Like a bad penny or a bad curry, The Trash Whore Diaries are apt to disappearing from sight for a while before resurfacing when you expect them least, bursting onto your screen in a smorgasbord of reconstituted prose. A four-month hiatus has elapsed since time and technology last permitted me to inflict my thoughts upon that portion of the web that cared to entertain them. (Mostly bored housewives, bored students, bored oil execs and bored… well, you get the gist of the demographic.) Since last blogging about whatever it was I was blogging about at the time (I’m guessing boobs, but I could be wrong – perhaps it was vaginas), a lot has happened in my world. I’ve moved out of the parental abode for the second time in my life, I’ve managed to avoid arrest (or should that be resist arrest?) and have even secured a job at a company whose management have been good enough to overlook my previous foibles on the grounds that when I’m not getting up to no good, I’m actually pretty damn good at doing the things that normal people do in their workplace; write stuff, sell stuff and drink lots of tea. Not only can I do all of said things, but I can do them damn well; I make a killer cuppa in fact. So happy am I in my current job that I have vowed to be super well-behaved and ultra boring by not writing about my job at all. That way, I might just have a chance of retaining it beyond the three-month probationary period. (Remember what happened to my cleaning job at a certain prestigious girls’ school in Aberdeen? Look back through the Trash Whore archives, circa 2003, if you dare.) But today’s blog isn’t all about me for once. Neither is it all about trying to be funny, as you’ve probably gathered if you’ve persevered this far. No, the purpose of today’s blog is to pay tribute to a Trash Whore devotee who will be unfamiliar to you. In fact it’s less of a tribute and more of a eulogy I’m afraid to say. Let me try and explain…

Back in 2006, I was released from prison after serving 13 months for some offences, the exact nature of which I can no longer recall. (OK, so it was drug dealing and perjury, OK?) During that time, the prison blogs I had written from inside HMP Craiginches and posted online had built up quite a following. Friends, foes, judges, solicitors and prison staff; they’d all stumbled across The Trash Whore Diaries and gotten hooked on its methadone-esque properties. Unknown to me at the time, one such devotee was a man named Gordon Sutherland who worked at an oil company in Dyce. After discovering the TWDs and rapidly succumbing to their moreishness, Gordon alerted all the staff in his office, who also subsequently fell victim. Following my release from prison, the media got wind of the prison blogs and they appeared in the Press & Journal, News of The World and on STV’s North Tonight. Around that time, after lamenting in my blogs that no one would employ me now because of my criminal record, I received an email from the aforementioned Gordon that went as follows:

Kai,
I am a manager at a very large US based, Aberdeen company that could use an intelligent, articulate guy like you.
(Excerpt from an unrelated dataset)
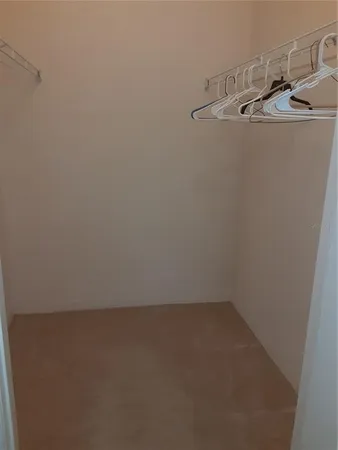 a white toilet sitting next to a bath tub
What is it that you want to do? Do you just want to get a job, or does it have to be a particular job. Your requirements appear to be quite demanding. I could give you a job in a heartbeat, but it would might not be up to your exacting standards. I have read the TWDs for quite a while now, and realise that you are a fairly smart cookie, but am concerned that you would not stick anything I offer you for very long, due to lack of mental stimulation… I can try and sort you out with a job if you like. It is not going to task your literary skills, but it is at least a start....
You reckoned that nobody would cut you an even break.

I will.....

2 conditions.
1)No mention of the company in the WHDs, there are a lot of lunchtime internet fans...
2)Nae drugs Min.... This company tests regulary...
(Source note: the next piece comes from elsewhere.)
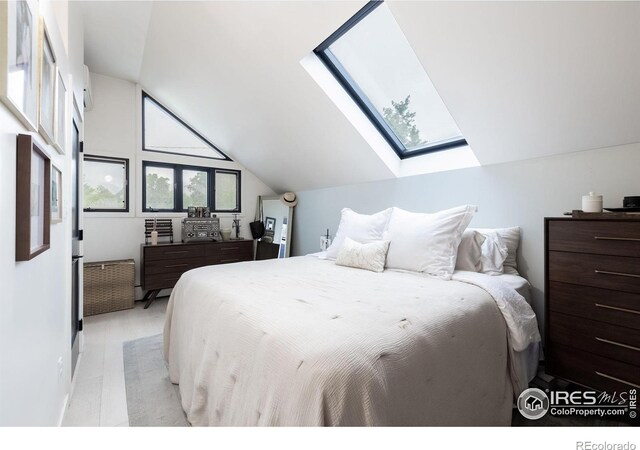 bedroom with vaulted ceiling with skylight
Intrigued – and pleasantly surprised – to learn that anyone would even consider taking on a liability such as myself, I began corresponding with the mysterious Gordon. For now, he was just a name attached to an email address, and for the next three years he would remain that way to me. Although flattered by Gordon’s offer of work, I informed him that after some consideration I had elected to start up a sandwich shop with a couple of mates. Gordon (or Big Gord as I then knew him) replied as follows:

Kai,
Excellent! Delighted to see that you are making some progress.
Tell, me where [the sandwich shop] is, I might be able to throw some hungry people your way. I know that you think that I might be some official or lowlife with ulterior motives, which I understand, but I would love to buy you a beer some day. I even nipped into the Bassment a couple of Saturdays ago in the hope that you were there. (No I'm not a stalker, I just wanted to by you a drink for keeping at least 8 people at my work entertained through their dreary days!)
We will meet at some point, and you will realise that I am genuine....
Gord

And so life went on, days passing into months, Gord getting on with whatever it was he did in his life while I got on with doing whatever it was I did in mine (selling sandwiches and weed mostly, but not at the same time). Then, in early 2009, disaster struck when I found myself back in Craiginches once more, this time for getting caught with a couple of kilos of weed. (I was also still selling sandwiches at that point, but for some reason the police didn’t seem as interested in those. Maybe if they had been doughnuts it would have been a different matter.) Sentenced to two years’ imprisonment, I served eight months before being released in late August on a tag. Upon my release, I set about publishing the blogs I had written during my second spell inside. Soon afterward, I received the following email:

Kai, I don't know if you remember me, I was the guy who you refused a hand up from last time you got out. What the hell has happened to you this time? Sadly, I'm no longer working for the same company, and presently unable to make a simillar offer, but any way I can, I will help. I can point you in the right direction, of people to speak to etc, and after 25 years in the Oil Ind. I kinda know my way around. Not to be condescending, but with your imagination and flair for writing, you would be an asset to any company......
Feel free to drop me a line, and like I said I will do anything I can to help.

Regards
Gord

The Trash Whore Diaries were back, and so was Gord, my faceless personal adviser whose advice to date I had lamentably elected not to heed. We began corresponding again, and this time got as far as exchanging fone numbers. Our slow-burning relationship was now starting to hot up. After reading my blog of February 25th 2009 (published on 27th September), Gordon emailed me the following message, starting with a quote from yours truly:

Never pick a fight with anyone uglier than you – they’ve got less to lose. Looking at the scarred and stitched up faces around me, that precludes pretty much everyone.
Kai, Absolute quality.....
I used to go to college in Glasgow, (Well Paisley actually, Glasgow without the nice bits) and the only time I got into a fight was on the underground, across the road from my flat in Cessnock. I grabbed a Stanley knife off a wee tit, and fired him out the doors just as they were closing. It wasn't until the guard came along to ask what happened that I looked at it to see that there were two blades in it, flat sides together, cutting edges apart.... Ehhh??
"It's so's (sic) they cannae stitch ye back up man, better geez it here....."
Loved the coincedence that whilst you were writing that, I was, on the same day;
A) Opening my Birthday cards,
B) Enjoying being told I was unemployed for the first time in over 20 years..
C) Having my first alchoholic drink in over a year....
D) Telling my wife about B) above......
These all happened over the course of less than an hour.... and it wasn't even 10 o'clock......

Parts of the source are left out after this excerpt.